Actually can sugar might not even be good either. I mean I knew that acid would catalyze hydrolysis of sucrose. So you’d expect soda, which tend to be acidic due to carbonic and sometimes phosphoric acids, would crack the sucrose into a glucose/fructose mix. (Admittedly the amount of time would depend on the pH of the solution and the temperature it was kept at.)

Hey, here’s a question for any dopers out there that are analytical chemists. (Time to get out the Spec-20) Generally speaking if I buy a cane sugar sweetened soda do they sit around long enough on the shelf to reach chemical equilibrium. (and invert the sugar. Unfortunately I don’t have a Spec-20 so I can’t check. I know if it sat long enough it would but I have no idea how long that would be.)

Well, no, no kind of sugar would be good in the quantities modern Americans consume it.

That’s true. However I what I meant was that CANE sugar might not even be any better at all than HFCS since the tonic would effectively break it down into the same thing HFCS is. (And if I’ve learned one thing from my chemistry classes is that if it’s the same chemical it doesn’t matter if it’s produced naturally or artificially.) Then again you do have people that think honey is better than “sugar”. (Which as a few have pointed out is funny since honey is closer to HFCS than anything else.)
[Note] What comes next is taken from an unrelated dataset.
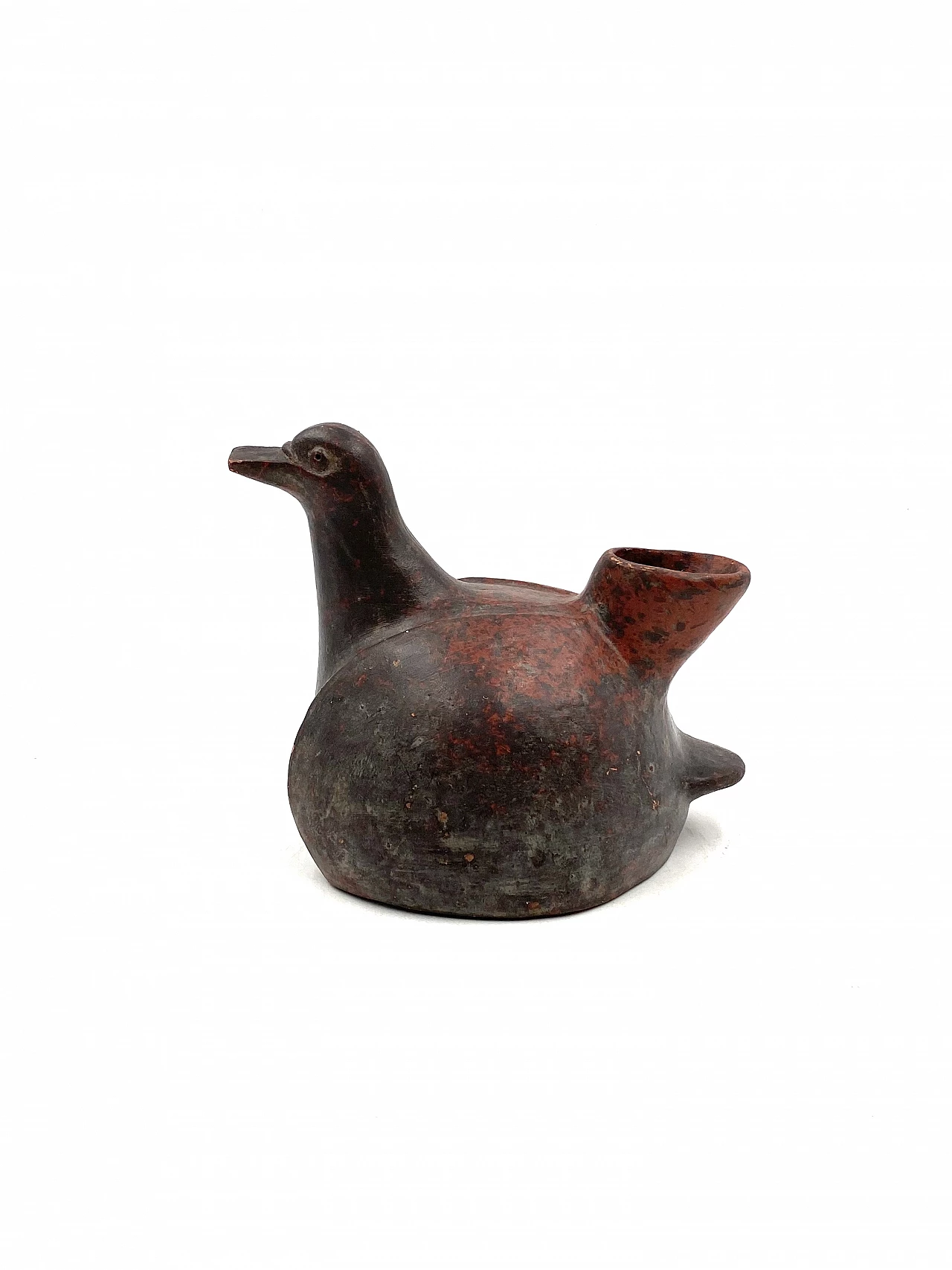 Ceramic duck shaped jug, 1970s 4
This story always intrigued me: one of my coworkers made wine with a bunch of friends as a hobby. They experimented with different concoctions…one day they tried invert sugar as an fermentation ingredient and got something like 19-20% alcohol as a result.

I’ve always presumed that you can’t go much beyond 15 - 16%. Any vintners out there that put the cork into the bottle of this story?
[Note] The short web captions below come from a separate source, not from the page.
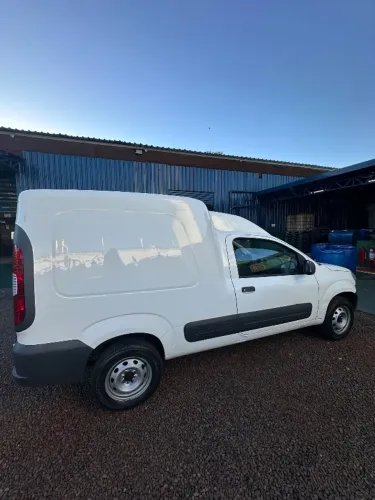 Fiat Fiorino Furgão EVO 1.4 Flex 8V 2P 2018
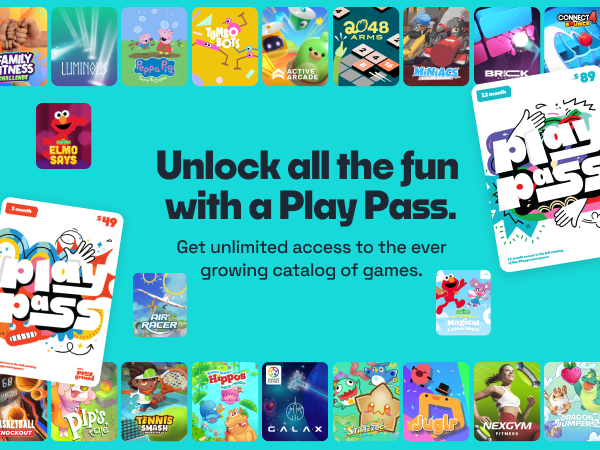 playpass unlimited fun and workout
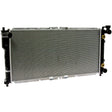 Radiator 92-97 Mazda Mx-6/626 2.0/2.2L 24-80594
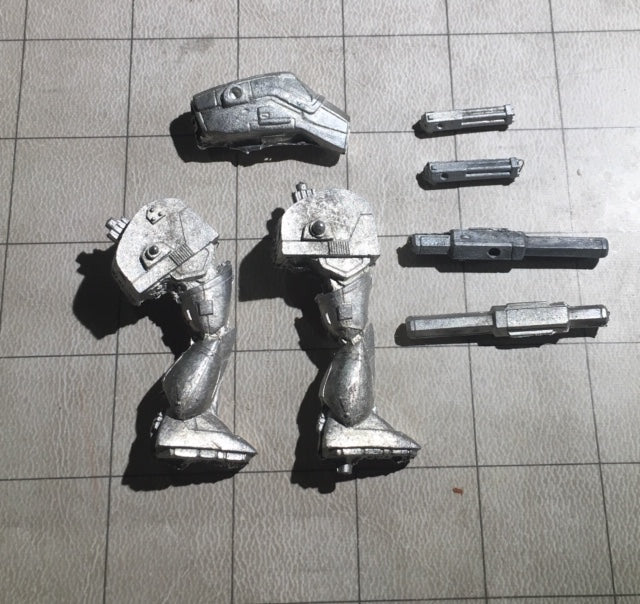 Starsiege Rebellion Imperial Basilisk Herc (1)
HFCS is a physical mixture of glucose, fructose and people.
In terms of what it’s doing to you, your loved ones, and America[sup]TM[/sup], it’s probably comparable to DHMO!
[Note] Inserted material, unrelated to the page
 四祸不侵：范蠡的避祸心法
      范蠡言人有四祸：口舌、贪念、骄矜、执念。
The upper limit on alcohol content depends on the hardiness of your yeast. Some tolerate higher alcohol %, some don’t.

My wife has worked in wineries where they accidentally wound up with wine at almost 17%. (This was a problem because of labeling accuracy and tax issues, as I recall; I think within a percent of deviation they were OK, and their labels said something like 15%, which was the projected ABV.) So I think if you were trying to, and you had the right yeast, it would be possible to hit 19%.

you could get that high with the right conditions.

It is difficult to explain sugars in 2 dimensions. In 3 dimensions, they can come in different shapes. That stuff about polarized light is just a way of measuring the shape. So each sugar comes in what are called right and left isomers. Right isomers are much more common in nature than left ones.

Whatever sugar the body gets, it is converted to glucose. Also starches once they are broken down to sugar.

As for how healthy? I don’t have the quality of data on that I like to base opinions on.

Invert sugar does not mean that any stereocenters are inverted. The direction that polarized light rotates through it is inverted, but the stereocenters are not.